In the days which followed, Jim Airth suffered all the pangs which come to a man who has made a decision prompted by pride rather than by conviction.
It had always seemed to him essential that a man should appear in all things without shame or blame in the eyes of the woman he loved. Therefore, to be obliged suddenly to admit that a fatal blunder of his own had been the cause, even in the past, of irreparable loss and sorrow to her, had been an unacknowledged but intolerable humiliation. That she should have anything to overlook or to forgive in accepting himself and his love, was a condition of things to which he could not bring himself to submit; and her sweet generosity and devotion, rather increased than soothed his sense of wounded pride.
He had been superficially honest in the reasons he had given to Myra regarding the impossibility of marriage between them. He had said all the things which he knew others might be expected to say; he had mercilessly expressed what would have been his own judgment had he been asked to pronounce an opinion concerning any other man and woman in like circumstances. As he voiced them they had sounded tragically plausible and stoically just.
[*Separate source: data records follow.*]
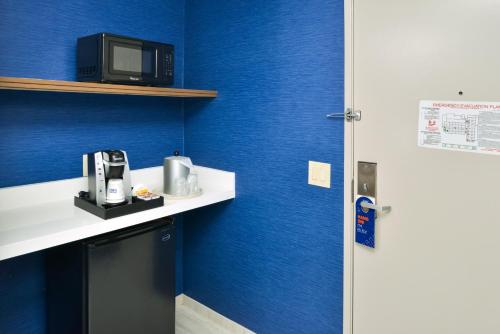 Holiday Inn Express Los Angeles Downtown West an IHG Hotel - image 6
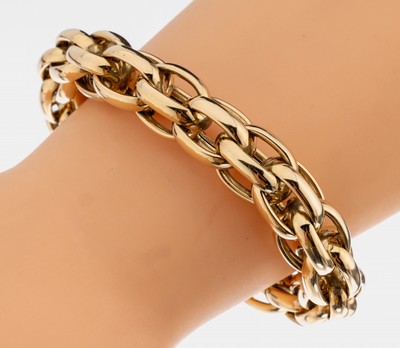14 kt Gold Armband, GG 585/000, ovale Glieder in sich verschlungen, große Federringschließe, L. ca. 22 cm, ca. 46.8 g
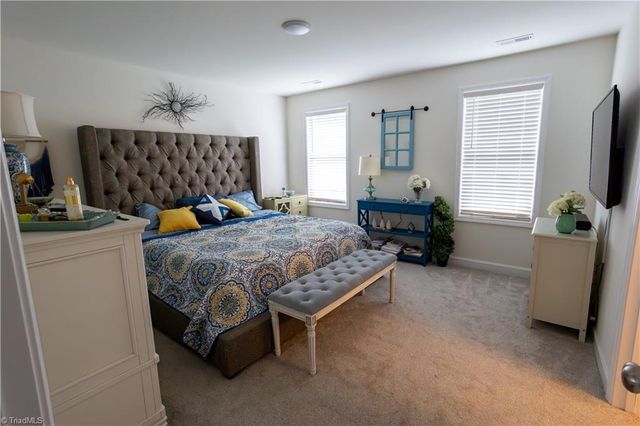 104 Dillon Street, Winston-salem, NC 27107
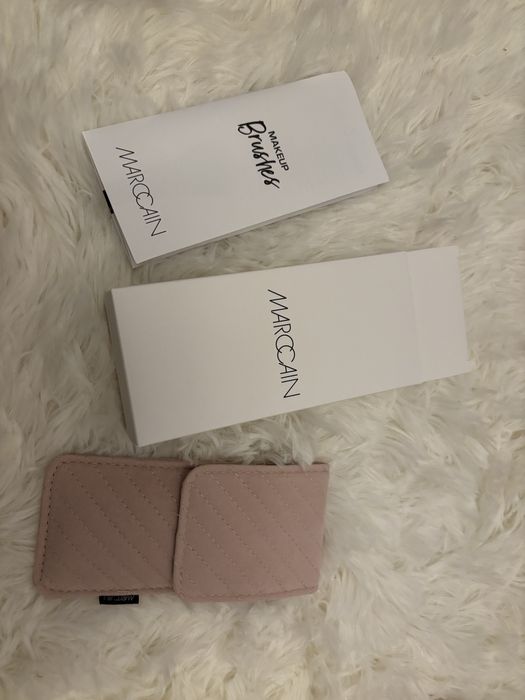 Четки за грим Marccain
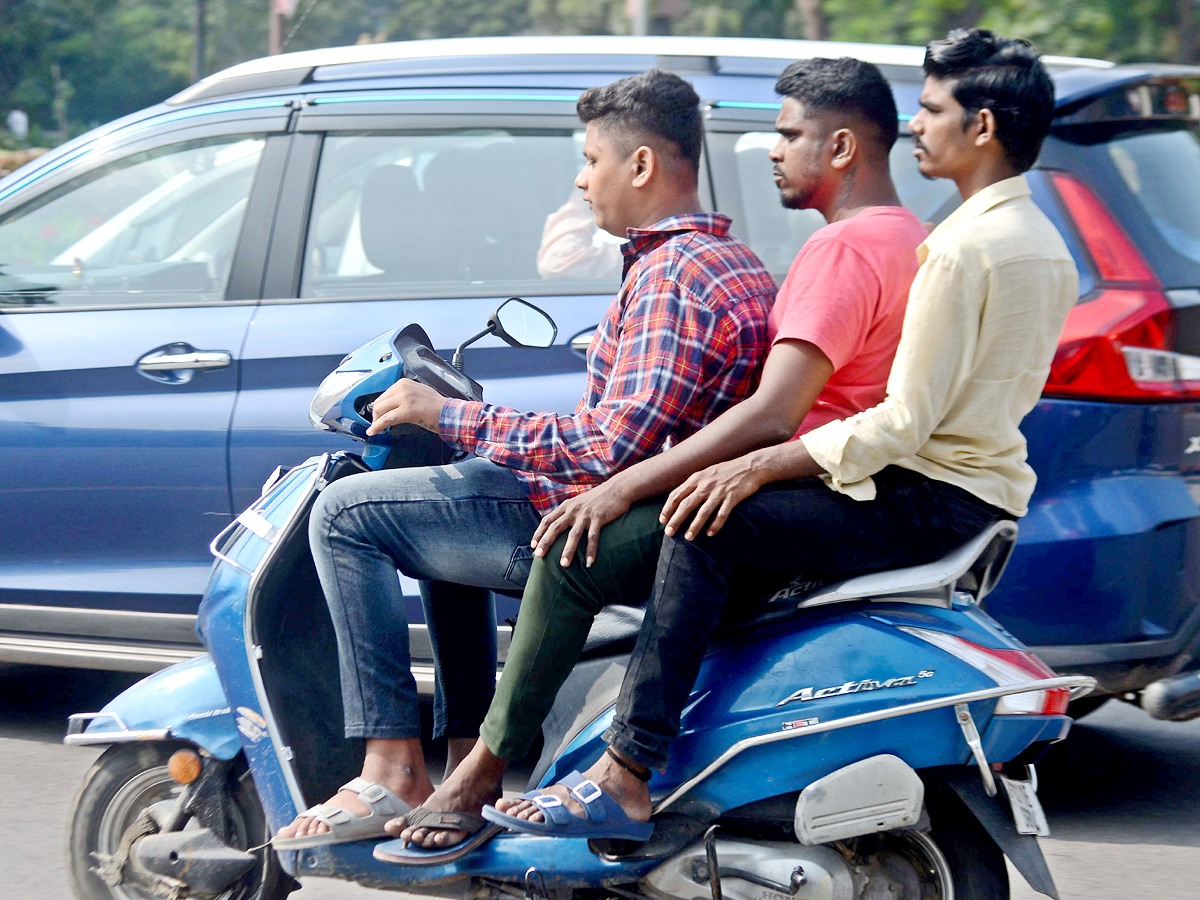 Cell Phone driving in Hyderabad - Sakshi12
He knew he was inflicting almost unbearable pain upon himself and upon the woman whose whole love was his; but that pain seemed necessary to the tragic demands of the entire ghastly situation.
Only after he had finally left her and was on his way back to town, did Jim Airth realise that the pain he had thus inflicted upon her and upon himself, had been a solace to his own wounded pride. His had been the mistake, and it re-established him in his own self-respect and sense of superiority, that his should be the decision, so hard to make—so unfalteringly made—bringing down upon his own head a punishment out of all proportion to the fault committed.
But, now that the strain and tension were over, his natural honesty of mind reasserted itself, forcing him to admit that his own selfish pride had been at the bottom of his high-flown tragedy.
Myra’s simple loving view of the case had been the right one; yet, thrusting it from him, he had ruthlessly plunged himself and her into a hopeless abyss of needless suffering.
By degrees he slowly realised that in so doing he had deliberately inflicted a more cruel wrong upon the woman he loved, than that which he had unwittingly done her in the past.
Remorse and regret gnawed at his heart, added to an almost unbearable hunger for Myra. Yet he could not bring himself to return to her with this second and still more humiliating confession of failure.
His one hope was that Myra would find their separation impossible to endure, and would send for him. But the days went by, and Myra made no sign. She had said she would never send for him unless assured that coming to her would mean happiness to him. To this decision she quietly adhered.
In a strongly virile man, love towards a woman is, in its essential qualities, naturally selfish. Its keynote is, “I need”; its dominant, “I want”; its full major chord, “I must possess.”